1.81% of the number of votes. Incentive Program 2007/2014 corresponds to a      
dilution of not more than approx. 2.50% of the share capital and not more than  
approx. 1.77% of the number of votes at full dilution, calculated as the number 
of additional shares in proportion to the number of existing and additional     
shares.                                                                         

Special authorisation                                                           
The Board proposes that the Board or anyone appointed by the Board shall be     
authorised to make any minor adjustments to the above proposal that may be      
necessary in connection with the registration of the above resolution with the  
Swedish Companies Registration Office and any registration of the warrants with 
VPC AB.                                                                         

Majority                                                                        
The proposal by the Board under this item 15 must be resolved upon the AGM with 
the support of not less than nine-tenths of both the votes cast and the shares  
represented at the Meeting.                                                     

Proposal by the Board on an amendment of the Articles of Association (item 16)  

The Board proposes that the AGM resolves to amend the Articles of Association so
that the provision on notices convening General Meetings in § 7 is adjusted to  
the effect that the number of newspapers in which notices are to be published is
reduced to comprise Post- och Inrikes Tidningar, Svenska Dagbladet and          
Sydsvenska Dagbladet.                                                           

The proposal by the Board under this item 16 must be resolved upon the AGM with 
the support of not less than two-thirds of both the votes cast and the shares   
represented at the Meeting.                                                     

C. 	AVAILABLE DOCUMENTATION                                                     

The Annual Accounts, the Auditor's Report and the Board's proposal under agenda 
item 9 b) will be available at the company as well as on the company's website, 
www.securitas-direct.com, from 2 May 2007, at the latest. The complete proposals
by the Board in respect of agenda items 14, 15 and 16 will be available at the  
company as well as on the company's website from 2 May 2007. All documents will 
also be sent to shareholders who so request and be available at the AGM.        

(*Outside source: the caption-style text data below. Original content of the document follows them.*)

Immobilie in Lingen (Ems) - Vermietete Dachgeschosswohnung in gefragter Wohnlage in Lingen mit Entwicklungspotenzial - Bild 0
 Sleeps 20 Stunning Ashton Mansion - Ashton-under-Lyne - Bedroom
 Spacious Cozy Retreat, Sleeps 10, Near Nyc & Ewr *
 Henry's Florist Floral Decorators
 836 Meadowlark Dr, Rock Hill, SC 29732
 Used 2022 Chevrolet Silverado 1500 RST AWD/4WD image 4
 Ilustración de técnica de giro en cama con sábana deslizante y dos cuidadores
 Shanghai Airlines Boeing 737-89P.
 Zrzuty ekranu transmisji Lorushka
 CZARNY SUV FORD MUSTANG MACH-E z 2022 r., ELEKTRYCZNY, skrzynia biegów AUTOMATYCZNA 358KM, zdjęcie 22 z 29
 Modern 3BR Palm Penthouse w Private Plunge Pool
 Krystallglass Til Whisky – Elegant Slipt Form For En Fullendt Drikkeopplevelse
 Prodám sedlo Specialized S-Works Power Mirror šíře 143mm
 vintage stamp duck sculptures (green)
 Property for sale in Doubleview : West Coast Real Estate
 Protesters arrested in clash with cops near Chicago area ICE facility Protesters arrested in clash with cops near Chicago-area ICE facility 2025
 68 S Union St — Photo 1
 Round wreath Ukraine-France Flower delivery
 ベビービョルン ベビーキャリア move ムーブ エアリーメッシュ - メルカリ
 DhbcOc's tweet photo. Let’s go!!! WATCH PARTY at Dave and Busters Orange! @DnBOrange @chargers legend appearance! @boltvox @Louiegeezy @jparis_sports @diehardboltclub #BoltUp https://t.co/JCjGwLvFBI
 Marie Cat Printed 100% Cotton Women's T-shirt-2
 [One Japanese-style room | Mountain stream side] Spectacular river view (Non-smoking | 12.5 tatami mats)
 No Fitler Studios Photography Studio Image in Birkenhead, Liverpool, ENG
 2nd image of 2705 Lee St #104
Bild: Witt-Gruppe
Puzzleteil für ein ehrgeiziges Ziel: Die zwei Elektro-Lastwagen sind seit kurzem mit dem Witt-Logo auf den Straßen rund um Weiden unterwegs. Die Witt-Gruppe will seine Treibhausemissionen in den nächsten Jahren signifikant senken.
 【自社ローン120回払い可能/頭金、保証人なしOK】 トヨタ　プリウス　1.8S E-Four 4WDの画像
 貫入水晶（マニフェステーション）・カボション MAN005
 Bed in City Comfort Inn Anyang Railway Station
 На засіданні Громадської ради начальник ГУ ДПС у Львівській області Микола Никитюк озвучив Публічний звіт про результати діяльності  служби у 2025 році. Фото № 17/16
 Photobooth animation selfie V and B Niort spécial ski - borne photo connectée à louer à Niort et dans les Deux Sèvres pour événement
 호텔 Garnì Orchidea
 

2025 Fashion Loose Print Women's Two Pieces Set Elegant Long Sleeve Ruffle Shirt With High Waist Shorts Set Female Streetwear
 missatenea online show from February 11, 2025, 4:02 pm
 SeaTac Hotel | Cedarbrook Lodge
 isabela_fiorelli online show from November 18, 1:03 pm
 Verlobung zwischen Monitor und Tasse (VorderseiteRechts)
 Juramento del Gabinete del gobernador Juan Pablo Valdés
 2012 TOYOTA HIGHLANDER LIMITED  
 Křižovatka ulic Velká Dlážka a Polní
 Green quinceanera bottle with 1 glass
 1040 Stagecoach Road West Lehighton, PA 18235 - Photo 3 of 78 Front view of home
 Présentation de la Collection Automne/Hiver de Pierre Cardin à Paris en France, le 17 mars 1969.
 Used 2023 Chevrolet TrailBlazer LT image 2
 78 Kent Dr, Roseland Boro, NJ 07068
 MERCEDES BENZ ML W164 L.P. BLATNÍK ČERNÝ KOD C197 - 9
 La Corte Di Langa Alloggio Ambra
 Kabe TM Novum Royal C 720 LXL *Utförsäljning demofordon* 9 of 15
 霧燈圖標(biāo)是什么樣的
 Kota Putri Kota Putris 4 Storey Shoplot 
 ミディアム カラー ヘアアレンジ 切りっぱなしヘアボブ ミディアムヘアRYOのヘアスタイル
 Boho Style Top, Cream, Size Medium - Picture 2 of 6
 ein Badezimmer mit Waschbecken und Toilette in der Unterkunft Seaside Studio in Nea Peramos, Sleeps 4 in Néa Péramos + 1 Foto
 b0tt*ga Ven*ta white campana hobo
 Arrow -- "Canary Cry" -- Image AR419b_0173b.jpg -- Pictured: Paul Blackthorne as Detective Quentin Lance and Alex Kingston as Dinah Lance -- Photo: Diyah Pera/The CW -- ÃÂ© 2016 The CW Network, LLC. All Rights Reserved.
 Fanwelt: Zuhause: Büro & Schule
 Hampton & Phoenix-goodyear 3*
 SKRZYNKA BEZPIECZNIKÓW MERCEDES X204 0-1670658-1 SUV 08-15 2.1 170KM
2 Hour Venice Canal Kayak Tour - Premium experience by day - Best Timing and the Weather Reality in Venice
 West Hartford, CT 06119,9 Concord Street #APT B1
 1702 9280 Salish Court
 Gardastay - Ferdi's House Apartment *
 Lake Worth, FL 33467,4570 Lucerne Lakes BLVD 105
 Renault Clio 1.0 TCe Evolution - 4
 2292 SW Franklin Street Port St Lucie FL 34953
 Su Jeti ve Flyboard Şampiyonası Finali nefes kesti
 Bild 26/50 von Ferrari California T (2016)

Malmö in April 2007                                                             
Securitas Direct AB (publ)                                                      
The Board of Directors                                                          
Securitas Direct is a leading provider of high-quality security services to     
homes and small businesses. The Group's success is based on a strong growth     
focus, scalable concepts and highly developed local entrepreneurship. Operations
span three geographic markets covering nine European countries. In 2006         
Securitas Direct reported sales of 3,306 MSEK, operating income (proforma) of   
223 MSEK and net customer portfolio growth of 21 per cent. The series B share   
has been listed on the Stockholm Stock Exchange since 29 September 2006.